We’ve all been there.
We made a decision that seemed smart at the time but it failed big time. Worst of all, upon reflection it was so obviously doomed we’re shocked we didn’t realize it at the time.
What if you could access your future self’s insights to help avoid these obvious mistakes? That’s exactly how a premortem works.
Premortem: anticipating obvious issues
A premortem is when you take a moment to imagine your next project or idea failed and then work out how you could have prevented those issues.
In the context of teams, this usually takes the form of a special type of planning session or workshop. However, individuals can use the same mental model for their personal goals, plans and reflections.
It’s such a simple idea but this change in perspective helps individuals and teams to spot obvious issues from the outset. Best of all, most of these issues have easy fixes that you can now implement.
By taking just 30 minutes to slow down and think, you can prevent days of clean up work.
How to run a premortem workshop
A premortem workshop is an easy activity to run and can be done in person with Post-it stickers or online with a tool like Mural. You can even use a Google Doc, but a whiteboard tool is far better in my experience.
- Get the team together and say some words of mourning for the project (use this to review the project).

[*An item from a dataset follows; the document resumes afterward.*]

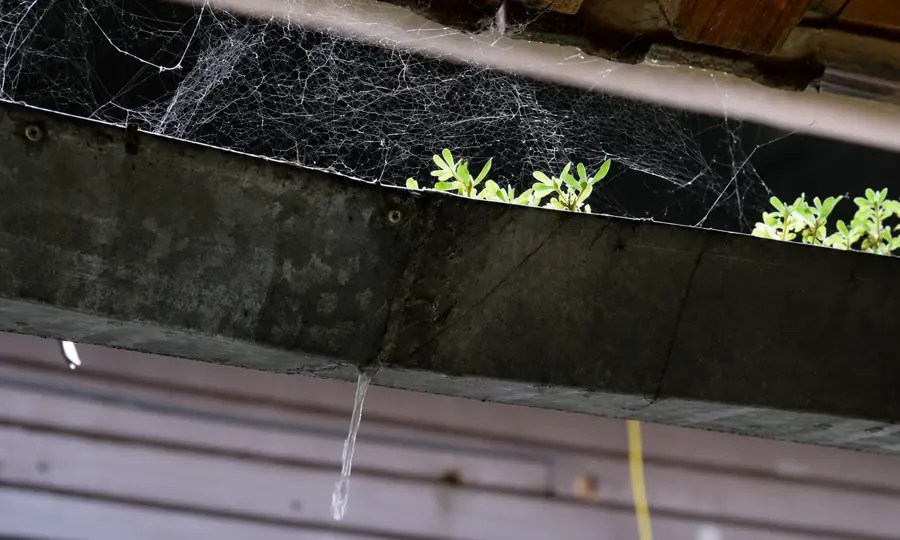 Downspout gushing flush water onto concrete during a gutter and downspout flushing test, Jacksonville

- Each person writes ideas for why the project failed on Post-its.
- The group ranks the ideas and scores based on the likelihood to fail and the severity of risk.

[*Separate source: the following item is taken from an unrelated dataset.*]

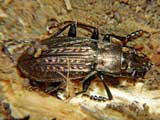 Carabus granulatus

- Each member generates solutions to the problems on post-its.
- The team assigns action items based on the process.
Success not guaranteed
There will always be some factors we can’t anticipate.
After all, who on earth could have predicted the global lockdowns and pandemic of Covid-19?
While these once-in-a-lifetime (hopefully) and black swan events may make it seem that a premortem is useless, that isn’t the case. Although some events are unpredictable, there are many we can anticipate — especially when we take the time to reflect.
And when those unpredictable events do occur, we will know that we have prepared the best we can.
Don’t subject yourself to obvious pitfalls
Nobody likes that realisation they could so easily have avoided the problems they now face. Use a premortem to banish that feeling for good.